DIRECTIONS FOR THIS TASK:
Give back every record below in full and exactly, but without a single image.

Short descriptive text snippets
━━━━━━━━━━━━━━━━━━━━

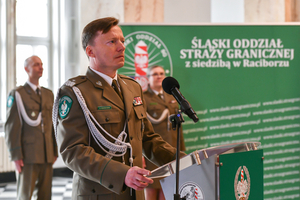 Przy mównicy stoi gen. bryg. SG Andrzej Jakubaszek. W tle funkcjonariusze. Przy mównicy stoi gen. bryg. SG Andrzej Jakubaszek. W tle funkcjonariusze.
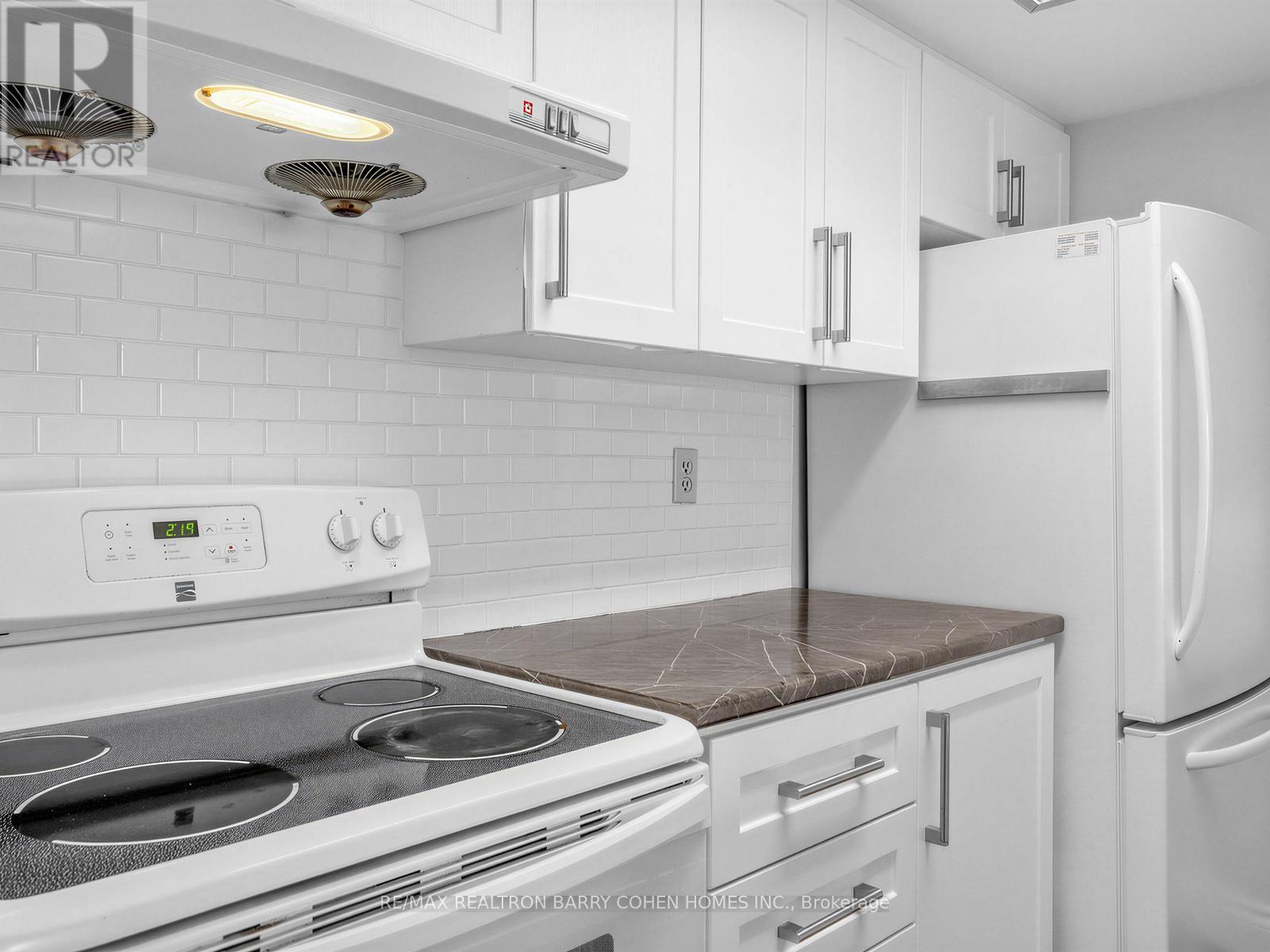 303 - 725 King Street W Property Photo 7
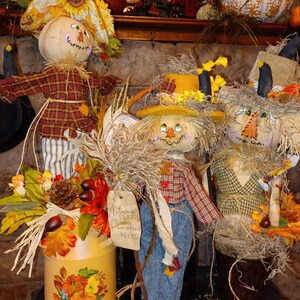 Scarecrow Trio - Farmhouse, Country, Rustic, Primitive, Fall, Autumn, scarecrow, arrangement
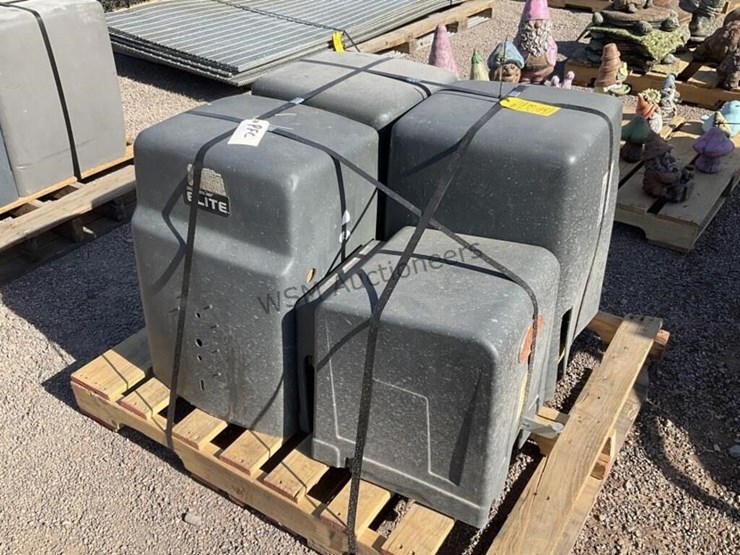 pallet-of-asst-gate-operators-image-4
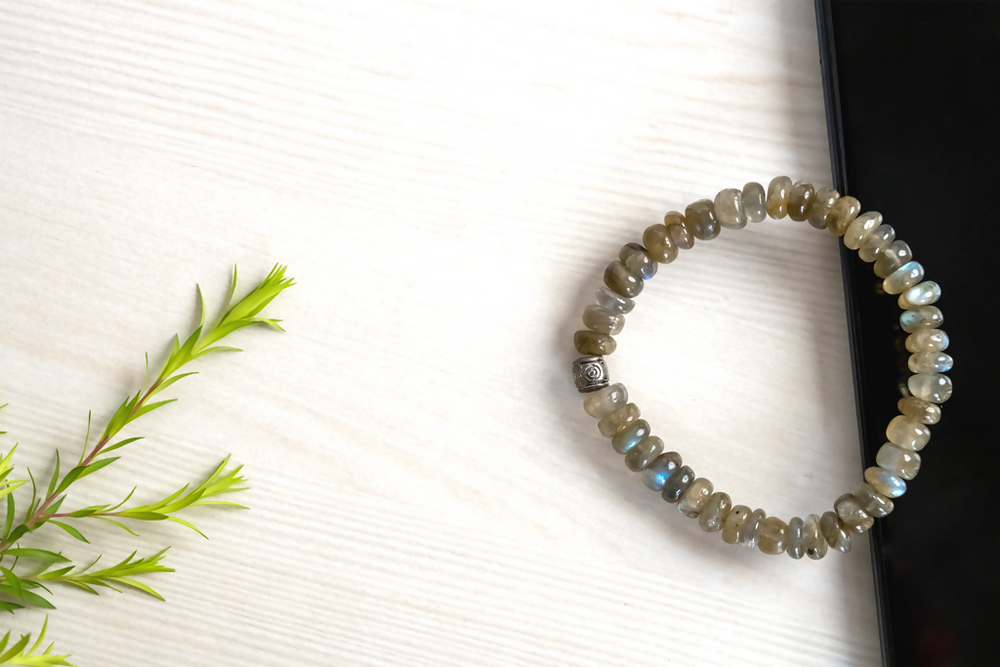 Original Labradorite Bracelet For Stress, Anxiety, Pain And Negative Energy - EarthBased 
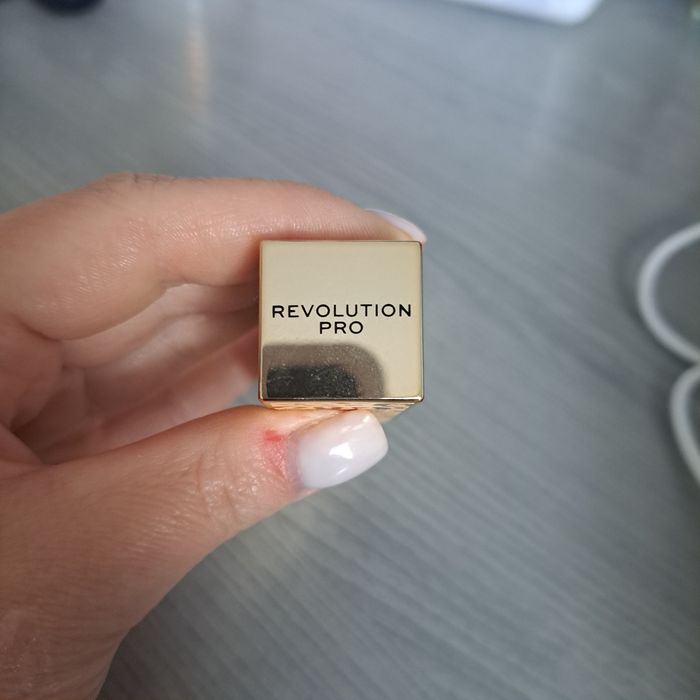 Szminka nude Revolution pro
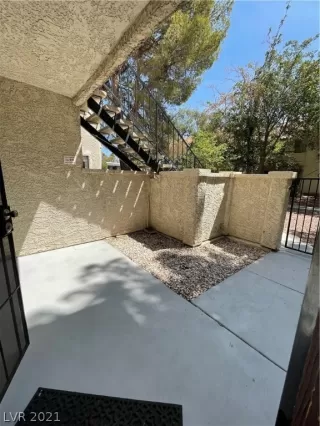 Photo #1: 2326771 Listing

━━━━━━━━━━━━━━━━━━━━

RESPONSE BELOW:
 Przy mównicy stoi gen. bryg. SG Andrzej Jakubaszek. W tle funkcjonariusze. Przy mównicy stoi gen. bryg. SG Andrzej Jakubaszek. W tle funkcjonariusze.
 303 - 725 King Street W Property Photo 7
 Scarecrow Trio - Farmhouse, Country, Rustic, Primitive, Fall, Autumn, scarecrow, arrangement
 pallet-of-asst-gate-operators-image-4
 Original Labradorite Bracelet For Stress, Anxiety, Pain And Negative Energy - EarthBased 
 Szminka nude Revolution pro
 Photo #1: 2326771 Listing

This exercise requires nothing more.